6. What to do this week
Three concrete steps for a Norwegian SMB IT manager who has read this far.
- Map your current coverage. Write down who answers a security alert at 22:00 on a Saturday today. If the answer is “nobody”, you have your gap.
- Inventory your endpoint and identity telemetry. What is on the laptops, what is on the identity provider, what is in the cloud admin logs. MDR works best when there is signal to read.

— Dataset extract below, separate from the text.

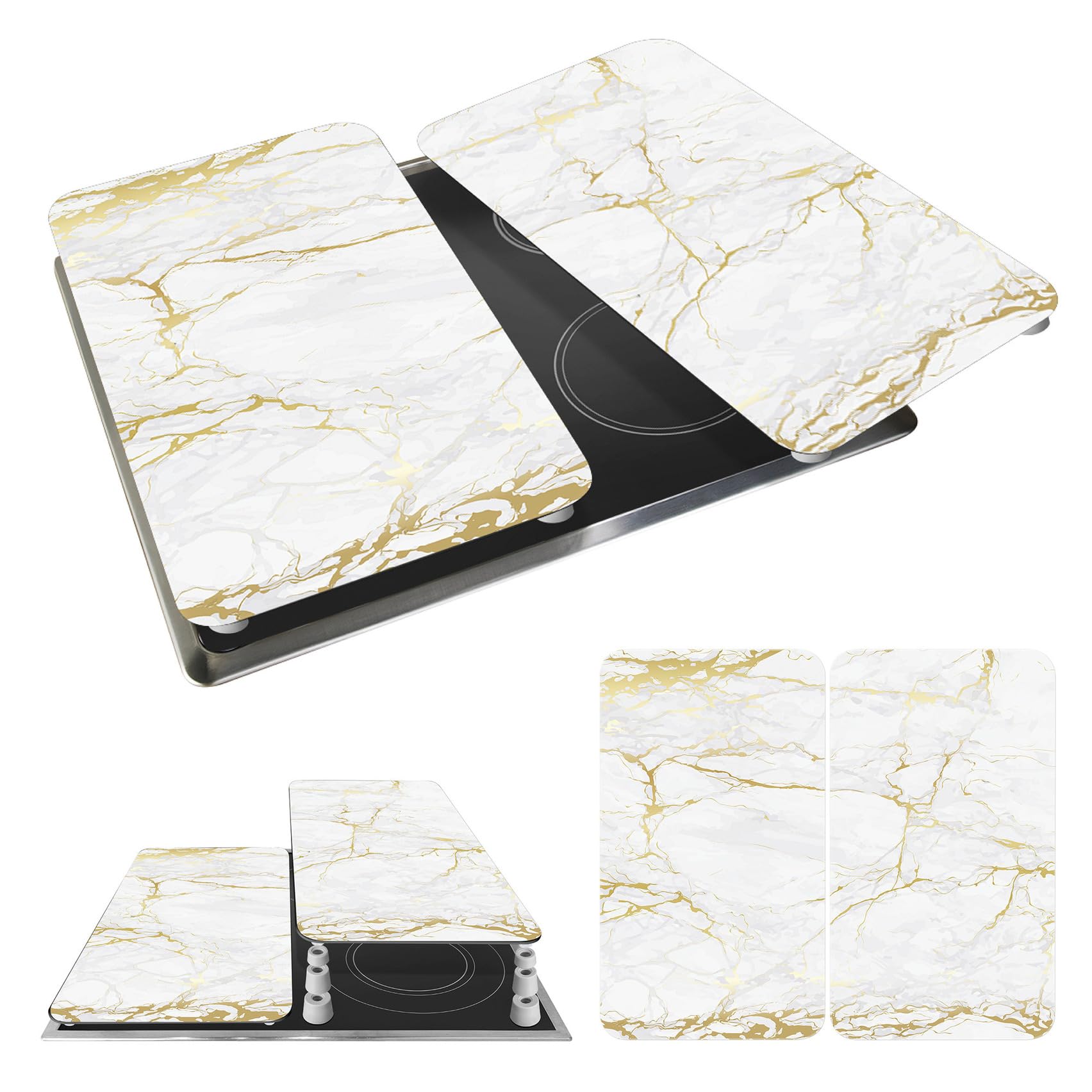 WENKO Placas protectoras para cocina Mod Mármol dorado, ajustable en altura para todo tipo de cocinas, tabla de cortar y protector contra salpicaduras, vidrio, 30 x 52 cm, juego de 2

- Get one independent view on which shape fits. Build, rent, or hybrid. Thirty minutes with someone who has done it for other Norwegian firms is enough to settle the direction before you commit budget.
Next action
Talk to Kenny in our detection and response practice for a 30-minute view on your endpoint and identity coverage, and whether MDR or a self-built SOC fits your shape. We will tell you straight if MDR is the wrong answer for you.
If this resonates:
- Read why we picked CrowdStrike Falcon for modern MDR for the platform-level reasoning behind the service.
- Forward this to your CFO before they approve a SOC business case. The headcount math is the part that usually gets missed.
- Send Kenny a message for a 30-minute view on your current coverage.
FAQ
How many analysts does a 24/7 SOC need?
By typical shift-cover math, you need around four and a quarter people just to keep one seat filled every hour of the year, once you account for nights, weekends, holidays, sick leave, and training. A viable SOC with tier-1, tier-2, and a shift lead is more like six to eight analysts in total. Below that, you end up with lone-shift cover and burnout, which is worse than no SOC because it produces alerts that nobody is fit to act on.
Is MDR the same as a SOC?
MDR is a way of buying SOC-shaped outcomes without staffing the bridge yourself. A vendor’s analysts watch the platform, triage detections, and contain threats on your behalf, while you keep the business context and the final call on disruptive actions. You still need someone on your side who owns the relationship, reviews the weekly reports, and decides what gets escalated to the business. That is a few hours a week of an IT lead’s time, not a 24/7 rota.
Does NIS2 require us to have a SOC?
NIS2 does not name a SOC as a control. It requires risk management, incident handling, and timely incident reporting under Article 21, and it expects the measures to be proportionate to the entity’s size and risk. An in-scope SMB can meet that with MDR plus a documented incident process, you do not have to build a bridge to comply. The Norwegian transposition is still working through the system, so confirm timing with your compliance lead.
What is FM CyberSecurity’s role if CrowdStrike runs the bridge?
We do the onboarding, the sensor tuning, and the local escalation. Onboarding gets the sensors on the fleet and the policies tuned to your stack, which is where most of the noise gets removed. Tuning is the unglamorous work of teaching the platform what is known-good on your endpoints. Local escalation is the Norwegian-language conversation when CrowdStrike’s team confirms something that needs a business decision on your side. FM CyberSecurity does not staff a 24/7 bridge, and we will not claim we do.
When should we revisit the build-versus-rent decision?
When you cross a threshold that changes the inputs. Growing past a few hundred staff, taking on a regulated workload with localisation rules, acquiring a company that already has a SOC, or adding a 24/7 operations function for non-security reasons. Outside those triggers, the decision is stable, MDR keeps scaling with you without a step-change in cost.